═══ INFORMATION GIVEN ═══

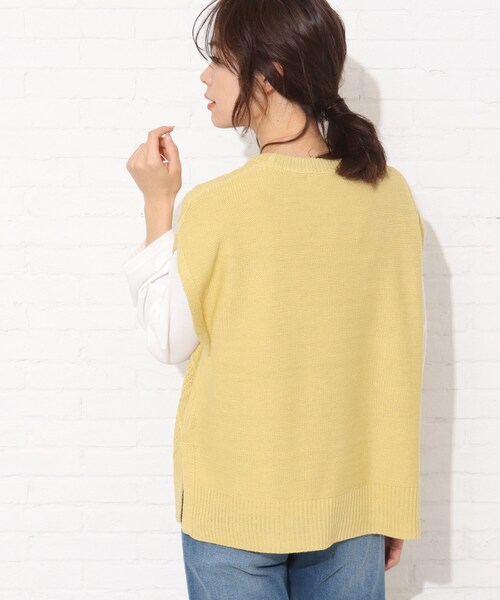 Cutie Blonde（キューティーブロンド）の「◆【S-L/2点セット】ケーブル編みベスト+Tシャツ（その他トップス・レディース・ナチュラル/レモンイエロー/ブラック・01/03/02）」の14枚目の写真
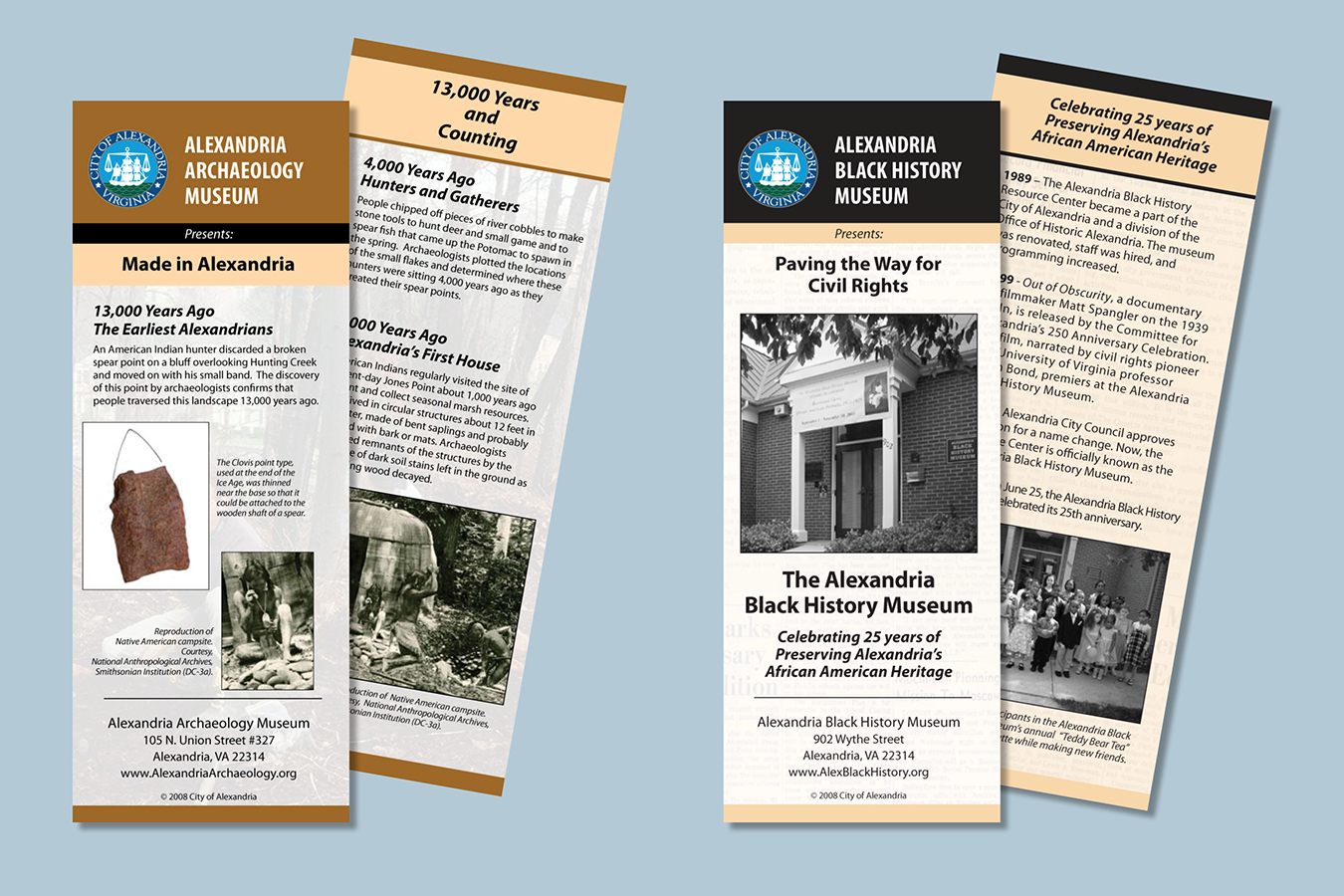 Brochures 8 : Docent cards produced for six different Alexandria, VA museum carts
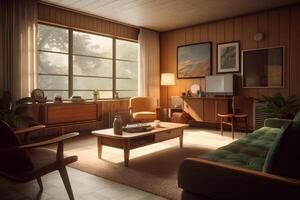 AI generated photorealistic mid century interior with sunlight from windows at summer day, neural network generated photorealistic image photo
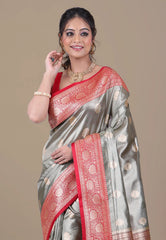 Silver Grey Tissue Silk Saree with Blouse Piece - Adi Akshoy & Co.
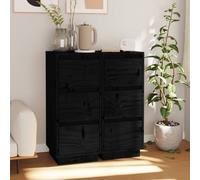 vidaXL Sideboards 2 pcs Black 32x34x75 cm Solid Wood Pine NEW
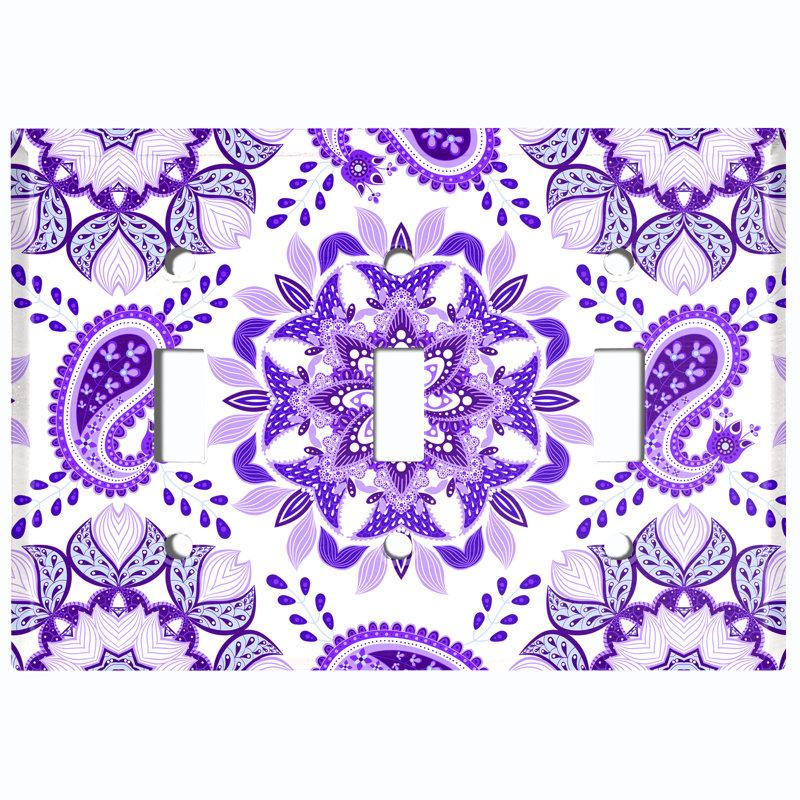Patterned 3 - Gang Toggle Light Switch Standard Wall Plate, Purple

═══

EXERCISE REQUIREMENTS: Would you restate word for word only the lines from the one containing "AI generated photorealistic" to the final line of the material, both ends included, without any pictures?

EXERCISE RESPONSE:
 AI generated photorealistic mid century interior with sunlight from windows at summer day, neural network generated photorealistic image photo
 Silver Grey Tissue Silk Saree with Blouse Piece - Adi Akshoy & Co.
 vidaXL Sideboards 2 pcs Black 32x34x75 cm Solid Wood Pine NEW
Patterned 3 - Gang Toggle Light Switch Standard Wall Plate, Purple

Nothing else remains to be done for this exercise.